▶ _Work request_: Within the listing that follows, reproduce exactly the lines starting at the line with "Слитный купальник" and ending at the line with "Mavı M0035190652 Marcus", inclusive, and only those. Pictures are dropped.

▶ _Dataset extract_:

━━━

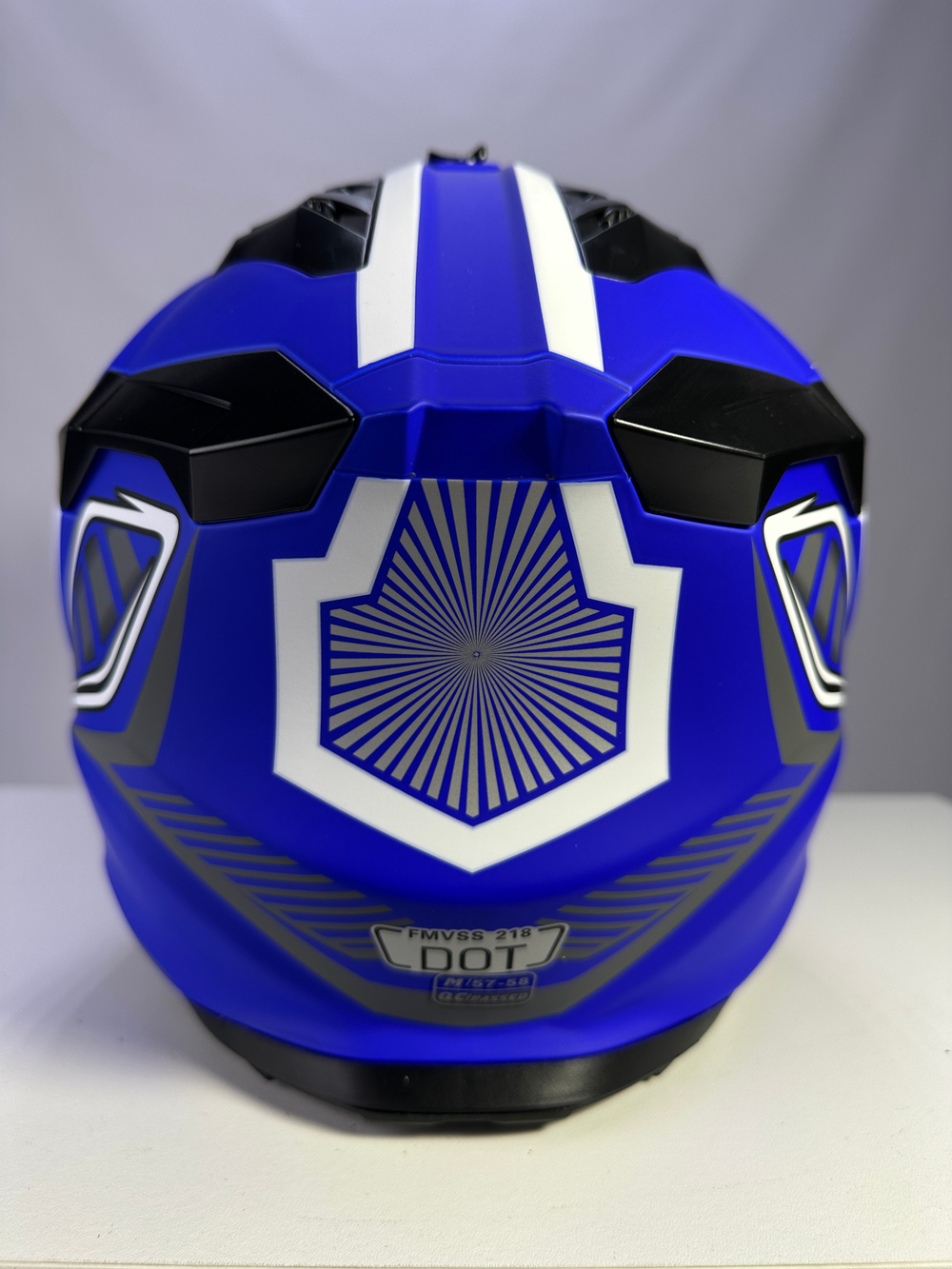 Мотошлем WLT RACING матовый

━━━

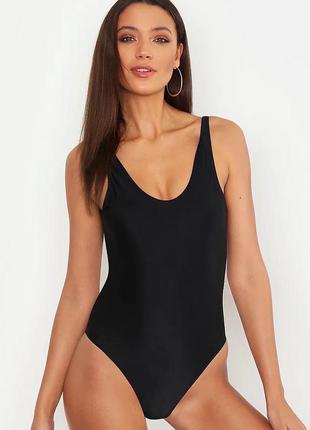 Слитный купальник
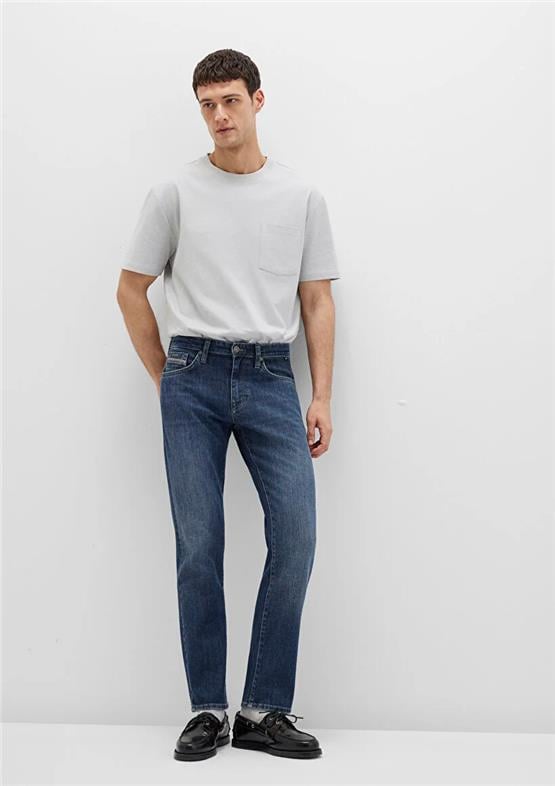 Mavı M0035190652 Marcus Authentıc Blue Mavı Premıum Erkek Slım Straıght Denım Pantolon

━━━

▶ _Response area_:
 Слитный купальник
 Mavı M0035190652 Marcus Authentıc Blue Mavı Premıum Erkek Slım Straıght Denım Pantolon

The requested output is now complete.